Clarissa let go of my arm and just sat down in the middle of the sandy roadway—her gesture for separating us two from Sally and Wally, who’d already by fits and starts disappeared inside the house, though the door was left open. No one would’ve been driving down the road. Still, her gesture was a stagy, unplanned one I appreciated, even though it made me nervous and I wished she’d get up. Cookie, wise girl, had decided on a walk up the beach. I should have gone with her.
“You’re a
way
too tolerant dude,” Clarissa said casually, keeping her seat in the road, leaning back on one elbow and shielding her eyes from the noon-time sun. I felt even more awkward because of where she was and what she wasn’t feeling. “Which isn’t to say Mr. Wally isn’t pretty much a
Wind in the Willows
kind of character in need of a good ass-kicking. It’s pretty zen of you. In the girl community, this wouldn’t stand up.” Clarissa’s nose stud sparkled in the brassy light, and made me touch my nose, as though I had one in mine. She was wearing tissue-thin Italian sandals that exhibited her long tanned feet and ankles, and a pair of cream-colored Italian harem pants with a matching tank top that showed her shoulders. She was like a mirage, languorous but animated.

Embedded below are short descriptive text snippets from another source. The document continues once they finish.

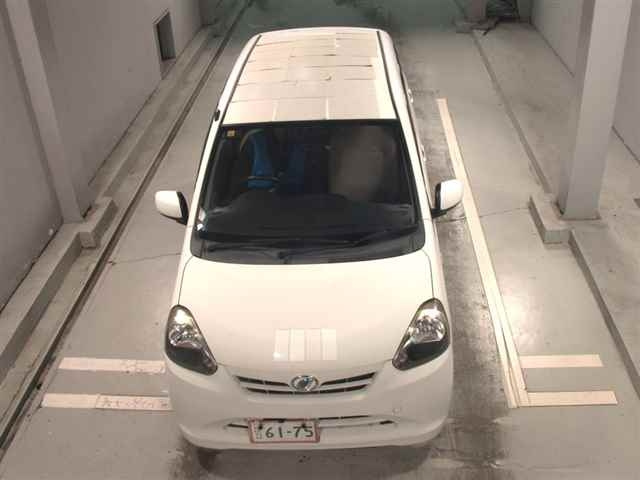 DAIHATSU MIRA E S 2012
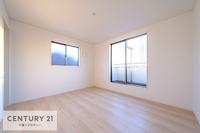 その他:２面採光採用の室内は陽当たり、通風ともに良好です。
大きな掃き出し窓がないので小さなお子様にも安心な設計となっております！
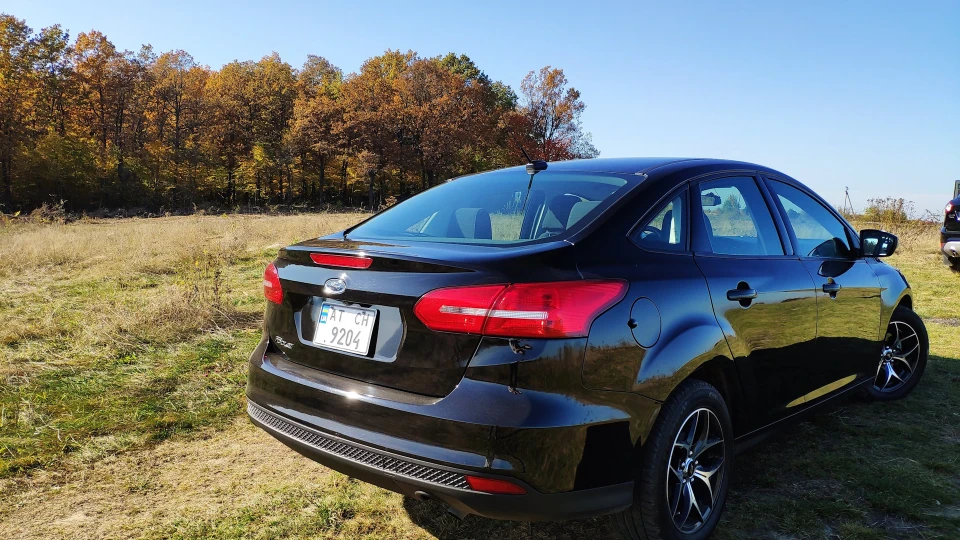 Ford Focus Sedan se 5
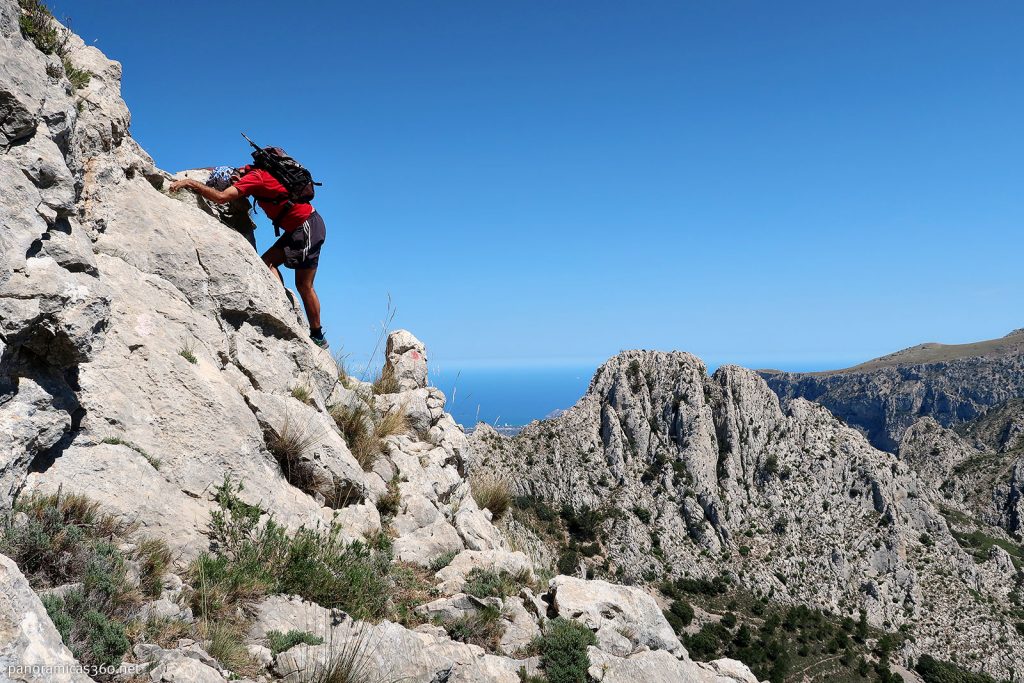 Romero en uno de los destrepes de Penya Roc con el Mediterráneo de fondo Romero en uno de los destrepes de Penya Roc con el Mediterráneo de fondo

“I’m not zen at all.” Mike’s hooded-eye, scrunched face appeared in my mind like one of the Pep Boys. He knew nothing of this day’s events, but definitely would’ve approved of what I was doing.
“Don’t you feel strange? It’s pretty strange to have old Wally down here for a visit.” Clarissa wrinkled her nose and squinted up at me as if I was the rarest of vanishing species.
“I had a good picture in my mind of how this would all happen,” I said. “But now that he’s here, I can’t remember it.” I looked at the house, my house, felt stupid being out in my road. “I think that’s very human, though, to expect something and then have the expected event supplant the expectation. That’s interesting.”
“Yep,” Clarissa said.
What I didn’t say was even odder. That while I felt officially pissed off and deeply offended, I was not feeling that this fiasco was a real fiasco, or that my life was fucked up, or that any of the important things I hoped to do before I was sixty were going to be impossible to do. In other words, I felt tumult, but I also felt calm, and that I’d probably feel different again in another thirty minutes—which is why I don’t pay fullest attention to how I feel at any given moment. If I’d told this to Clarissa, she would’ve thought I was suffering from stress-induced aphasia, or maybe having a stroke. Maybe I was. But what I knew was that you’re stuck with yourself most of the time. Best make the most of it.